Trump: Middle East Would Be More Stable if Saddam, Gaddafi Were Still in Power By Rick Moran

http://pjmedia.com/tatler/2015/10/04/trump-middle-east-would-be-more-stable-if-saddam-gaddafi-were-still-in-power/?print=1

Donald Trump flashed his non-interventionist foreign policy credentials on Sunday, staking out a firm position against establishment candidates who favor a more active role for the U.S. military in the Middle East.

On Meet the Press, Trump said that the Middle East would be a more stable place today if the dictators Saddam Hussein of Iraq and Muammar Gaddafi were still in power.

Trump mentioned the countries in comparison to current efforts to drive Syrian President Bashar al-Assad out of power.

“You can make the case, if you look at Libya, look at what we did there, it’s a mess,” Trump said on NBC.

“If you look at Saddam Hussein with Iraq, look what we did there, it’s a mess. It’s going to be the same thing” in Syria, he said.

Asked by NBC’s Chuck Todd if the Middle East would be more stable with Gaddafi and Saddam in power, Trump replied, “Of course it would be.”

Trump, who leads the field of Republicans seeking the presidency in the November 2016 election in public opinion polls, has said he supports Russian efforts to fight Islamic State militants, even though Russia has backed Assad.

Trump said last week Assad might be replaced by someone worse if he were ousted.

Trump’s statement is one legitimate argument about “stability” in the Middle East — an ill-defined concept in a turbulent region. One can also make the argument that Hussein and Gaddafi were destabilizing influences in the Middle East by themselves and the difference between them being in power or out of power is the body count. They were murdering plenty of their own people while they were in power and Saddam threatened his neighbors, so the notion that “stability” would have been served if they remained is seductive but hardly probative.

Both arguments are academic.

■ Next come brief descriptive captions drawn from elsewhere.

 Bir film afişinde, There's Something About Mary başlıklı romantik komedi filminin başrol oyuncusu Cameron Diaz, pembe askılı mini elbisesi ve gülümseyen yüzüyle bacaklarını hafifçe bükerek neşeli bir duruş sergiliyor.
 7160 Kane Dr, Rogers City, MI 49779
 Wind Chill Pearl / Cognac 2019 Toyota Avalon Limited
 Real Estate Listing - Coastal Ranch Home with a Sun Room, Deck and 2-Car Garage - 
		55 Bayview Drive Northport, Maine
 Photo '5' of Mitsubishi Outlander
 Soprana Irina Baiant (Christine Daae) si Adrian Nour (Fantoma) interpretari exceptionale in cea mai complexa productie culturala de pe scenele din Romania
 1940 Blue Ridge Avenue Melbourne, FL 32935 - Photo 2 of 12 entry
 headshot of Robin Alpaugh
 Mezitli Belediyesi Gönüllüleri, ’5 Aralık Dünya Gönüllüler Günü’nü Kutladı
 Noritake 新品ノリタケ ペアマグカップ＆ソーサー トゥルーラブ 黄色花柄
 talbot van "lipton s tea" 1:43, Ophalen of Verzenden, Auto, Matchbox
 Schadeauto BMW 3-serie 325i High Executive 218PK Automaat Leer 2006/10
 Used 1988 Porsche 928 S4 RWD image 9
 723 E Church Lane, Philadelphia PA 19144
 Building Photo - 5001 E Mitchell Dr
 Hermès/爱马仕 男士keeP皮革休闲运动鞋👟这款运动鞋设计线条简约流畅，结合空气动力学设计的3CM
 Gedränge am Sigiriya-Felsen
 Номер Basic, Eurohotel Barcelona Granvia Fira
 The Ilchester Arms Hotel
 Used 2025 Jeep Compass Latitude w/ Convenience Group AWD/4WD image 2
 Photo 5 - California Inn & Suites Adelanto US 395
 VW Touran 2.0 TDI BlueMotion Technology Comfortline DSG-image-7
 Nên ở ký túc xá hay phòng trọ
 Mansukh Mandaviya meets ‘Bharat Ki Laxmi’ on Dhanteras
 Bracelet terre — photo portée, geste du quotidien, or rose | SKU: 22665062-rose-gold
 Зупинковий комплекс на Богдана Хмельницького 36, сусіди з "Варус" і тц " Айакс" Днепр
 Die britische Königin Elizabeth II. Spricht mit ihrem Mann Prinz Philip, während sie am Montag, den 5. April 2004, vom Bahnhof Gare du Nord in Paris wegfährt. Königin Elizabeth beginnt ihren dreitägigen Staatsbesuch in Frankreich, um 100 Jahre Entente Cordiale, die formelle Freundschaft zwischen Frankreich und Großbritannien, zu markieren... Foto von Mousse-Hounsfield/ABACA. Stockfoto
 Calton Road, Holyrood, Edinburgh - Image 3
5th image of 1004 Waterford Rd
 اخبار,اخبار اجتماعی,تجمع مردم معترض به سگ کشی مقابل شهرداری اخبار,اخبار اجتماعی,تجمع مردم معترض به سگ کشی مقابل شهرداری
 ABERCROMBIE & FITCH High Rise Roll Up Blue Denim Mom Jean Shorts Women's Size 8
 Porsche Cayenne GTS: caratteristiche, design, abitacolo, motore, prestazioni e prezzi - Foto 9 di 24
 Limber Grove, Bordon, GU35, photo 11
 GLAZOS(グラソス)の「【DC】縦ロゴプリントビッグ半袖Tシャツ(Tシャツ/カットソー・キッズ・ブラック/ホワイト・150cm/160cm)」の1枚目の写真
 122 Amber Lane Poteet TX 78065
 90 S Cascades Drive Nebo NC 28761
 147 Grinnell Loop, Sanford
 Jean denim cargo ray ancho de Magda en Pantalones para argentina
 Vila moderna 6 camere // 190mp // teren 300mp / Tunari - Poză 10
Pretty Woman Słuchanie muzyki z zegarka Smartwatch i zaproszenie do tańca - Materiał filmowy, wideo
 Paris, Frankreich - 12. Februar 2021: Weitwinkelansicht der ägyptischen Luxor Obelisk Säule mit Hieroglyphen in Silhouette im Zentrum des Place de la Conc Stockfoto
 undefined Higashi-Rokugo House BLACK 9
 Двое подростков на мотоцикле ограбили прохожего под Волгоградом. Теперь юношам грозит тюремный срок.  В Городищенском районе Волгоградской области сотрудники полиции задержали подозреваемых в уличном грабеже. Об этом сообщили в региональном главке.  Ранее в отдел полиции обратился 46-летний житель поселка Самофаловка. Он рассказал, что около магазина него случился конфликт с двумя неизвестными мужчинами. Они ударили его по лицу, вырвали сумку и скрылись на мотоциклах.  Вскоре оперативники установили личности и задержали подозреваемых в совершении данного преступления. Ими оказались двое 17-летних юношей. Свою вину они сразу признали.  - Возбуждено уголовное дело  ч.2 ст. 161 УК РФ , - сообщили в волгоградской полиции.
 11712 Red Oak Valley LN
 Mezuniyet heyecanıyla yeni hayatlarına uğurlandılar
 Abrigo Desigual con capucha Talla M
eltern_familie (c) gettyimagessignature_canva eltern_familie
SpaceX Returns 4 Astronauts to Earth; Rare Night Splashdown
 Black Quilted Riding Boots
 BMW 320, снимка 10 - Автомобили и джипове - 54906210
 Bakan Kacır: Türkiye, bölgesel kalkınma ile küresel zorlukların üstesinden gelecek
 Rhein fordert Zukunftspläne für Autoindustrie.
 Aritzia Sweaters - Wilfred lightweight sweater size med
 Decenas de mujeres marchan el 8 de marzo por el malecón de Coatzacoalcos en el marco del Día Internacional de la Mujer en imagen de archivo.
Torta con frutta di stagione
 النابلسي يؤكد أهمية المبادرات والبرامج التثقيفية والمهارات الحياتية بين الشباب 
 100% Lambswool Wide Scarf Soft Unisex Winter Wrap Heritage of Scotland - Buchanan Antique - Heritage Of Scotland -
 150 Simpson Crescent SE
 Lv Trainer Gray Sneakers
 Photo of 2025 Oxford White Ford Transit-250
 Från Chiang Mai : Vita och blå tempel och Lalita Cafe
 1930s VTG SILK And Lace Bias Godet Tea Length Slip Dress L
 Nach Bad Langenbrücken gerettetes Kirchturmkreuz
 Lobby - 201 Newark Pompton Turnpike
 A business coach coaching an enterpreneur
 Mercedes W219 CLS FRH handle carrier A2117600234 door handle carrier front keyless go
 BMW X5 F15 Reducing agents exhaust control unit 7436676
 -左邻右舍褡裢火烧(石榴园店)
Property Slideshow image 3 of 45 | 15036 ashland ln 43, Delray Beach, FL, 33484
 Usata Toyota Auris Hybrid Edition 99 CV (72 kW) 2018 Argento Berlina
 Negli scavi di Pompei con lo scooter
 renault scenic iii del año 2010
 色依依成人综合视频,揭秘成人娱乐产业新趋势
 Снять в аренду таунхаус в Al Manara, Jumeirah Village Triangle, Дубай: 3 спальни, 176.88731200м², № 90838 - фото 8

Arguing counterfactual outcomes to history is an exercise in futility. No one knows what would have happened if we didn’t fight a war with either Libya or Iraq. One or both leaders could have been assassinated. They might have been overthrown. The ingredients for civil war were present in both countries, making arguments of the type made by Trump interesting, but impossible to prove.

More to the point, Trump’s arguments go against the grain of Republican orthodoxy. In fact, Trump sounds positively Rand Paulian in his argument for non-intervention. Is this really the temper of Republican voters?

Perhaps not a majority of Republicans, but the American people are far warier of committing the military to adventures — especially in the Middle East. In this way, Trump has accurately taken the temperature of the voters and will no doubt benefit from the contrast with interventionist Republicans like Marco Rubio, Chris Christie, and Jeb Bush.